Framework for the Future of Hospitals and Health Systems

Five Steps to Master for a Health System to Thrive

Here at Imagine What If, we survey healthcare and its environment all the time, talking to, brain-picking and consulting with major employers, healthcare vendors, hospital systems, entrepreneurs, creative start-ups, doctors, and big health plans. We survey trends in hospital and health system management, the underlying healthcare economics, and the impact of healthcare reform. In this survey we have picked up a compelling pattern, rooted deeper and carrying farther than healthcare reform, one that grows increasingly robust with passing months.  The pattern is so consistent and exciting that we have created this special 74-page guide to the steps we feel strongly are necessary for you to thrive in this sector, called Framework: A Strategic Survival Kit for Hospitals and Health Systems.

Here’s what we are seeing: There are new programs, business models, experiments popping up in hospitals and health systems that lead us to believe that the tide is turning. The results are not just a drop in inflation, a “bending of the cost curve,” but a substantial drop in the cost of services and, simultaneously, an increase in quality and access.  These innovations are still in the minority — most systems haven’t caught on yet — but there are so many of these programs, and among so many partners, that there appears to be a shift in the culture and in the economics of healthcare.

The path out of our dilemma is not simple or fast. It is complex and difficult and will take years to build, yet it is absolutely workable. We can see that is already being done.
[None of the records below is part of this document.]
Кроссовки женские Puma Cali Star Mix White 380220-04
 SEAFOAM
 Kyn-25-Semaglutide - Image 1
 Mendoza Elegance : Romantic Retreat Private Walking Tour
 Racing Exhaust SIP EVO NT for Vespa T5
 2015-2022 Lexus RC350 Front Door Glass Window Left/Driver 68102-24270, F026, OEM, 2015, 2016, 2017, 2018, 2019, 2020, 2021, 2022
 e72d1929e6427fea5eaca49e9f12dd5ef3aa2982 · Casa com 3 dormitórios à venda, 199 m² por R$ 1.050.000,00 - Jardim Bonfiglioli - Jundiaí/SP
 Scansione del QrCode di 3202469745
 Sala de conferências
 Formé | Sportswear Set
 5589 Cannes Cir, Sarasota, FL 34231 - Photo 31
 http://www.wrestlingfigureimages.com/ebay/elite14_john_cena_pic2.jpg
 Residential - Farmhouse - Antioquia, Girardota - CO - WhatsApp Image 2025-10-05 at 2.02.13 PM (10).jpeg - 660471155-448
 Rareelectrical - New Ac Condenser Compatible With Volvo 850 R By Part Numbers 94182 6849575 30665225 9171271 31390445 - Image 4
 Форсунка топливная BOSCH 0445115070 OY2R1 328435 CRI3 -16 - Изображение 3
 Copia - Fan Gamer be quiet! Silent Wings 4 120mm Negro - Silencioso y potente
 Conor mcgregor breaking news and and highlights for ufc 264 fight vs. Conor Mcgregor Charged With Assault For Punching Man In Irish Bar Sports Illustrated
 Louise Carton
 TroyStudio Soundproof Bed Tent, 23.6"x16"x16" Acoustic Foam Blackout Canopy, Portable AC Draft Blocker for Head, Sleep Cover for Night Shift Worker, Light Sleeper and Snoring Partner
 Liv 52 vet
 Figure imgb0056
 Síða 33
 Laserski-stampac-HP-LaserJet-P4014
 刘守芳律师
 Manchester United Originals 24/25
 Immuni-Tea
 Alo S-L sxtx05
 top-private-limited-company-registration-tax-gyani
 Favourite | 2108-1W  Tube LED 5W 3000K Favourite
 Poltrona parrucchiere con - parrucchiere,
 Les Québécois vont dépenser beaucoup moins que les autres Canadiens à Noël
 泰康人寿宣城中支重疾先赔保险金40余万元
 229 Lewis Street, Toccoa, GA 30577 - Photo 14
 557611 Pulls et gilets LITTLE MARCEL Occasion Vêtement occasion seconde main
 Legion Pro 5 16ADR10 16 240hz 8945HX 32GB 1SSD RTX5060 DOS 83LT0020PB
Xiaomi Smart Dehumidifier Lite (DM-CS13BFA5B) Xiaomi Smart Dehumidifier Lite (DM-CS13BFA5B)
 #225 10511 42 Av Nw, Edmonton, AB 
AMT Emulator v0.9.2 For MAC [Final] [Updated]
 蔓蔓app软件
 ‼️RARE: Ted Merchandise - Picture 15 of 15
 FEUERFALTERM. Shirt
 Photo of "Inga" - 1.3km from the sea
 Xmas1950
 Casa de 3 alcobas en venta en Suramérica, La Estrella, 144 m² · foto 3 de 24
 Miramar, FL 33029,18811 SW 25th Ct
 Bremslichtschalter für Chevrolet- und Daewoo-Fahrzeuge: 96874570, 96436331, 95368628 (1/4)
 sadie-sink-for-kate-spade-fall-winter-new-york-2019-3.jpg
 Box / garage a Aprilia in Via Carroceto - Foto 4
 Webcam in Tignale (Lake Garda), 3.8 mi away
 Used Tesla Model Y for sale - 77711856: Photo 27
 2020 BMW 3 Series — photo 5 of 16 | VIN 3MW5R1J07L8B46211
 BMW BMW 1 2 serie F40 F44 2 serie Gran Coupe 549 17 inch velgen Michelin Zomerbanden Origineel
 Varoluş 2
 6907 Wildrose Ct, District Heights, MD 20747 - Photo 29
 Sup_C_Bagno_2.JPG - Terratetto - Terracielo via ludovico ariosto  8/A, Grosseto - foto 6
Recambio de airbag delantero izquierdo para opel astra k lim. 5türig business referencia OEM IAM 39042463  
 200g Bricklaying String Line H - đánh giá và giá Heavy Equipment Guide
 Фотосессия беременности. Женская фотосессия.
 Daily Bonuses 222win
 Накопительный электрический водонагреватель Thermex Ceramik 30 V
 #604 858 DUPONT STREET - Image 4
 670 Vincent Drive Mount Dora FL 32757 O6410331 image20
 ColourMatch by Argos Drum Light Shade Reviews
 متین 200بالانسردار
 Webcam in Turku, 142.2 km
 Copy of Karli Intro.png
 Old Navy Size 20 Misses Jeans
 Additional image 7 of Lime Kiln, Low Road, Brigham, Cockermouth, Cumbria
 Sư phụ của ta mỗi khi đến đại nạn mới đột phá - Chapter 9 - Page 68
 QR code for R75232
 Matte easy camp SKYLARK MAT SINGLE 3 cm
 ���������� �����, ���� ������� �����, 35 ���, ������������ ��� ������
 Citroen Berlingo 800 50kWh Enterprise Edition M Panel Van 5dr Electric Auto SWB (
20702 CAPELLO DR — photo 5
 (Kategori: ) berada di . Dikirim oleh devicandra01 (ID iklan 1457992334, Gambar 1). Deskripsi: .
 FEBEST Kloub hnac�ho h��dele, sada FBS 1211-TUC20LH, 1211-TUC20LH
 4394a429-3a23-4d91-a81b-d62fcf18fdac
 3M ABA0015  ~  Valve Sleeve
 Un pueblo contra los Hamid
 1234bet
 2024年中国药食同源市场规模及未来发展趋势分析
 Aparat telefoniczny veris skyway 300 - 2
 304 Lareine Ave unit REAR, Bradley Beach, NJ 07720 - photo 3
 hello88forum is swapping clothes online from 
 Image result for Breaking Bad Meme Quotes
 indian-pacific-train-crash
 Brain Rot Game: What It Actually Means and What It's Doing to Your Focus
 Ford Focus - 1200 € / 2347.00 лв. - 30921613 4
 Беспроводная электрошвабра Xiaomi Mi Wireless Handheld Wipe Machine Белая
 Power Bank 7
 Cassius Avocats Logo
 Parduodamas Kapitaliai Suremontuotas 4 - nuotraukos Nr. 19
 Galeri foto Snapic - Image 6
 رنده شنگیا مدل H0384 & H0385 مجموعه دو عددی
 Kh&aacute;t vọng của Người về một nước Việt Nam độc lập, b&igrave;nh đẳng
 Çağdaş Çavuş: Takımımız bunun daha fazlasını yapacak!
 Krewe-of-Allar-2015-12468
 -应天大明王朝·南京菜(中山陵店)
There are five parts to the health systems strategic toolkit necessary to get on this path. You need all five, and you need only these five. They are both necessary and sufficient to the task. They are interdependent: Each of these five strategic tools needs the support of the other four.

How to Make a Living with Value in Healthcare

 

Let’s step back for a second: The core problem in healthcare is pretty neatly expressed by the fact that while I can say to the customer, “If you did these five things, you would be in better health,” I cannot say to them, “If you did these five things, you would get better healthcare for less.” In most of healthcare, the customers can’t find value, don’t know how to, and don’t get rewarded in any way if they do find it. There are no real “products” to compare, no real prices that relate to how good the product is and no real useful measurement. To a great extent, this applies just as well to the customer’s representatives in shopping for value (the employers, the health plans and the government).

These five strategic steps (and the similar toolkits I am laying out for health plans, physicians and medical groups, and employers) are all about how we in healthcare create real value (cost per benefit), prove the value through real measurement, present it to the customer in packages from which they can pick and choose, take our lumps in the marketplace, and constantly improve through competition.

People say, “But what about those darn (patients, health plans, employers, pick your villain)?”

What about them? Healthcare is a complex adaptive system with all players at static local optima in a Nash equilibrium. Translated from the jargon, that means:

  1. All players feel helpless to change anything about their situation without being punished and feel it’s everyone else’s fault, and
  2. Any player who changes, changes the incentives and forces acting on every other player.

And that’s the point:  If you, the providers, shift your strategies, you change the rules of the game and suddenly everyone is looking for a new way to get this thing done.

Now’s the time for you to force the action.  Take that step.